### TASK ITEM
The lines to repeat are those below from the one containing "treatment (Rojas Reyes" down to the one containing "2 hours) surfactant", both included; reproduce them exactly and nothing else.

### RECORD EXTRACTS
---*---
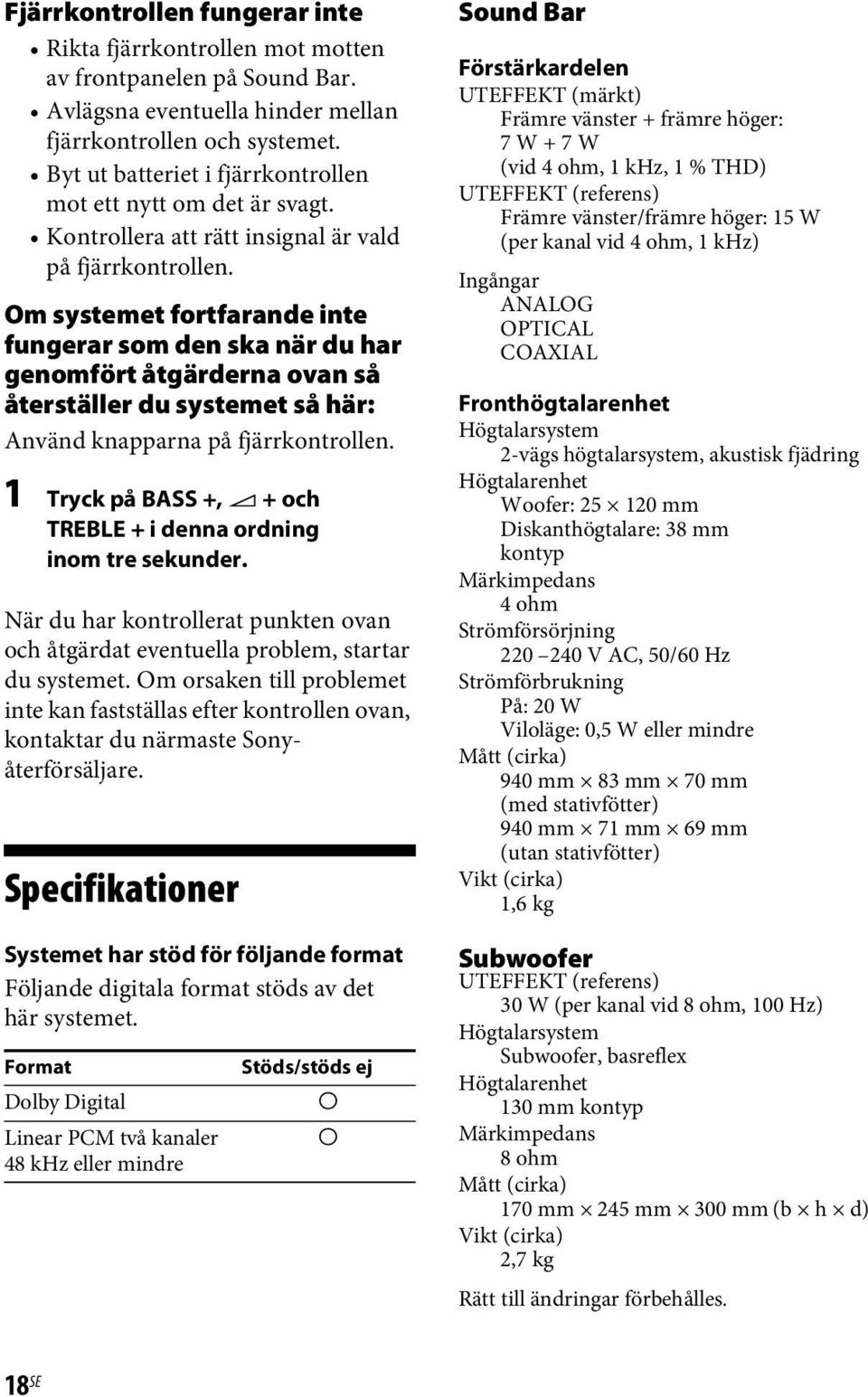 Om systemet fortfarande inte fungerar som den ska när du har genomfört åtgärderna ovan så återställer du systemet så här: Använd knapparna på fjärrkontrollen.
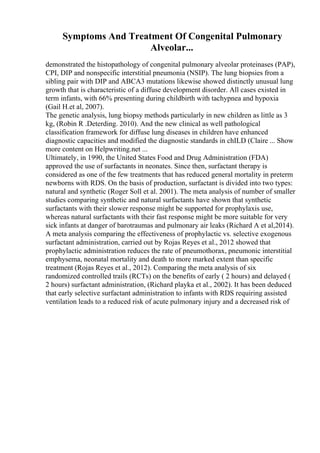 Symptoms And Treatment Of Congenital Pulmonary
Alveolar...
demonstrated the histopathology of congenital pulmonary alveolar proteinases (PAP),
CPI, DIP and nonspecific interstitial pneumonia (NSIP). The lung biopsies from a
sibling pair with DIP and ABCA3 mutations likewise showed distinctly unusual lung
growth that is characteristic of a diffuse development disorder. All cases existed in
term infants, with 66% presenting during childbirth with tachypnea and hypoxia
(Gail H.et al, 2007).
The genetic analysis, lung biopsy methods particularly in new children as little as 3
kg, (Robin R .Deterding. 2010). And the new clinical as well pathological
classification framework for diffuse lung diseases in children have enhanced
diagnostic capacities and modified the diagnostic standards in chILD (Claire ... Show
more content on Helpwriting.net ...
Ultimately, in 1990, the United States Food and Drug Administration (FDA)
approved the use of surfactants in neonates. Since then, surfactant therapy is
considered as one of the few treatments that has reduced general mortality in preterm
newborns with RDS. On the basis of production, surfactant is divided into two types:
natural and synthetic (Roger Soll et al. 2001). The meta analysis of number of smaller
studies comparing synthetic and natural surfactants have shown that synthetic
surfactants with their slower response might be supported for prophylaxis use,
whereas natural surfactants with their fast response might be more suitable for very
sick infants at danger of barotraumas and pulmonary air leaks (Richard A et al,2014).
A meta analysis comparing the effectiveness of prophylactic vs. selective exogenous
surfactant administration, carried out by Rojas Reyes et al., 2012 showed that
prophylactic administration reduces the rate of pneumothorax, pneumonic interstitial
emphysema, neonatal mortality and death to more marked extent than specific
treatment (Rojas Reyes et al., 2012). Comparing the meta analysis of six
randomized controlled trails (RCTs) on the benefits of early ( 2 hours) and delayed (
2 hours) surfactant administration, (Richard playka et al., 2002). It has been deduced
that early selective surfactant administration to infants with RDS requiring assisted
ventilation leads to a reduced risk of acute pulmonary injury and a decreased risk of
 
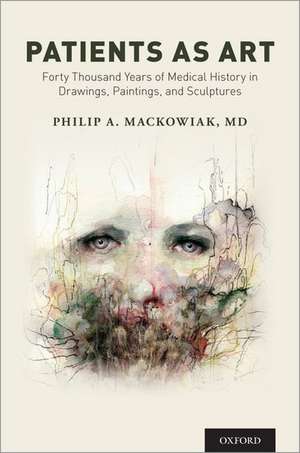 Patients as Art: Forty Thousand Years of Medical History in Drawings, Paintings, and Sculpture de Philip A. Mackowiak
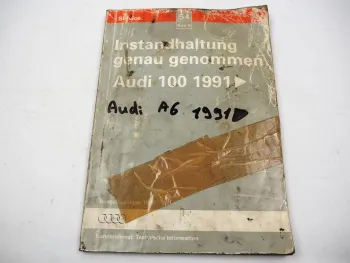 Reparaturleitfaden Audi 100 C4 / A6 Instandhaltung genau genommen 1998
---*---
### SOLUTION TO THE PROBLEM
treatment (Rojas Reyes et al., 2012). Comparing the meta analysis of six
randomized controlled trails (RCTs) on the benefits of early ( 2 hours) and delayed (
2 hours) surfactant administration, (Richard playka et al., 2002). It has been deduced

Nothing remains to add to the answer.